◆ EXERCISE INPUTS ◆
+ + + + +

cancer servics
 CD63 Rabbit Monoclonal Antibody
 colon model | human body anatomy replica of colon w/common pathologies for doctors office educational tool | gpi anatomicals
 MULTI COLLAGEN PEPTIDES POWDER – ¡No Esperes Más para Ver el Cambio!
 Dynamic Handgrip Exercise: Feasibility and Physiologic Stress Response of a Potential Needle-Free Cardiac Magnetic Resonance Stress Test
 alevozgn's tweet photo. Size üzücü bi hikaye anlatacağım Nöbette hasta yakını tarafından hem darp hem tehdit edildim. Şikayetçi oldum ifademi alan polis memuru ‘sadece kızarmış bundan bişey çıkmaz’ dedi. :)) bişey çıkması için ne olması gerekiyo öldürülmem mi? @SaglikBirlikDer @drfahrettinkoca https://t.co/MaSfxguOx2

+ + + + +

◆ TASK STATEMENT ◆
Return all of the entries exactly as written.

◆ SOLUTION TO THE EXERCISE ◆
cancer servics
 CD63 Rabbit Monoclonal Antibody
 colon model | human body anatomy replica of colon w/common pathologies for doctors office educational tool | gpi anatomicals
 MULTI COLLAGEN PEPTIDES POWDER – ¡No Esperes Más para Ver el Cambio!
 Dynamic Handgrip Exercise: Feasibility and Physiologic Stress Response of a Potential Needle-Free Cardiac Magnetic Resonance Stress Test
 alevozgn's tweet photo. Size üzücü bi hikaye anlatacağım Nöbette hasta yakını tarafından hem darp hem tehdit edildim. Şikayetçi oldum ifademi alan polis memuru ‘sadece kızarmış bundan bişey çıkmaz’ dedi. :)) bişey çıkması için ne olması gerekiyo öldürülmem mi? @SaglikBirlikDer @drfahrettinkoca https://t.co/MaSfxguOx2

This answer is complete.